Q: Can I use a CMOS quad op-amp with a high-impedance pH electrode (10 GΩ source)? Yes — CMOS-input op-amps are the standard choice for pH and ion-selective electrode front-ends because their femtoamp bias currents do not significantly load the source. Layout matters more than the IC: use guard rings around the input pins, Teflon or PTFE standoffs if the PCB is long-term humid, and minimize input pin lengths. The OPA4364AID's 10 fA typical bias current produces only 100 µV of error across a 10 GΩ source.
Q: Should I use a quad op-amp or four singles for a 4-channel sensor array? A quad saves board area (one 14-pin SOIC versus four 5-pin SOT-23s) and ensures all four channels are matched in temperature and process. Use four singles only if you need physical isolation between channels (e.g. high-voltage measurement) or if one channel needs different specs than the rest. For a thermocouple or strain-gauge bridge array on the same PCB, the quad is the better choice.
Q: What's the difference between OPA4364AID and OPA4364AIPWT? Both are the same silicon — only the package differs.

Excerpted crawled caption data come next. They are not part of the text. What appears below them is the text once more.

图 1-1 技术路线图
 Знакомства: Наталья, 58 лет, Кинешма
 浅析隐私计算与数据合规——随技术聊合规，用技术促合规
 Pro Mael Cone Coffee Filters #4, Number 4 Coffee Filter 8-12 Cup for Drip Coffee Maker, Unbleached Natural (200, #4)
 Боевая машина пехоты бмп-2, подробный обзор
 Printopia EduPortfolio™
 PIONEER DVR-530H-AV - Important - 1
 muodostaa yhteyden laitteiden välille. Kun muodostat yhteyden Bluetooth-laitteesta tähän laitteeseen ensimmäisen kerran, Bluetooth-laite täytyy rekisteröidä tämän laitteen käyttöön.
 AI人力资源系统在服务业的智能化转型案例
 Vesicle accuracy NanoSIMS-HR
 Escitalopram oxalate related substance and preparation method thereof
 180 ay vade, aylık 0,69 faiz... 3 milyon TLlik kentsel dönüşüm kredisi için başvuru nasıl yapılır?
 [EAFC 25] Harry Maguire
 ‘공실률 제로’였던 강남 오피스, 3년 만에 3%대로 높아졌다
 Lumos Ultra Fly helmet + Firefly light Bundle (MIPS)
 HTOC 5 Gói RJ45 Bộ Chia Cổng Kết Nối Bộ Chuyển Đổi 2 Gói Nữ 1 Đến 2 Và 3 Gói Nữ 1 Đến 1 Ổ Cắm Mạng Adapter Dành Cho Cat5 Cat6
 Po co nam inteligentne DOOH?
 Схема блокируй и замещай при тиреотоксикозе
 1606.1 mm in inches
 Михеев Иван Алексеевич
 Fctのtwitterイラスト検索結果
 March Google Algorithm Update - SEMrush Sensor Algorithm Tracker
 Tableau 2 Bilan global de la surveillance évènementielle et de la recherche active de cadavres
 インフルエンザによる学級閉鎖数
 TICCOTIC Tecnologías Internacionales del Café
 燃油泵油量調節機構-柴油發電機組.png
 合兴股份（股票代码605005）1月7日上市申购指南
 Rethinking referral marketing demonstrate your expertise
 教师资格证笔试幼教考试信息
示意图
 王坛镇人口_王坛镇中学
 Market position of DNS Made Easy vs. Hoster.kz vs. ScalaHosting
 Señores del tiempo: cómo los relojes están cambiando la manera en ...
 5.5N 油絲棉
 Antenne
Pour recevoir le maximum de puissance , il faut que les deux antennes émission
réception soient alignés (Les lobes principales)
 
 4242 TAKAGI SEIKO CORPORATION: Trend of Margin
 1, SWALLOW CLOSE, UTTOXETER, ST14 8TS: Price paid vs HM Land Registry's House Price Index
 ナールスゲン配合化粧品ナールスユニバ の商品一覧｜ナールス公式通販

The "D" suffix indicates SOIC-14 (3.9 × 8.7 mm), the "PW" suffix indicates TSSOP-14 (4.4 × 5.0 mm), roughly half the footprint. Pick TSSOP for board-area-constrained designs and SOIC for hand-prototyping or repair-friendly assemblies.
Q: Does the OPA4364AID work with a single-cell Li-ion (3.0 V to 4.2 V)? Yes — 3.0 V to 4.2 V is well inside the OPA4364AID's specified 1.8 V to 5.5 V supply range. No LDO is required between the cell and the op-amp's VDD pin if the cell's voltage spikes are absorbed by typical bypass capacitance (10 µF + 100 nF at the supply pin).
Conclusion
For a battery-powered sensor front-end with a sub-100 kHz signal of interest, the OPA4364AID is the default starting point: it covers 1.8 V to 5.5 V supply, 10 fA bias current, 230 µA per channel, and rail-to-rail I/O. Step up to the OPA4322AIPWR only if you need 20 MHz bandwidth or 8.5 nV/√Hz noise. Step up to the OPA4180IPWR only if your accuracy budget needs zero-drift. Step down to the LMV324 family only when cost dominates and you can tolerate 15 nA bias current.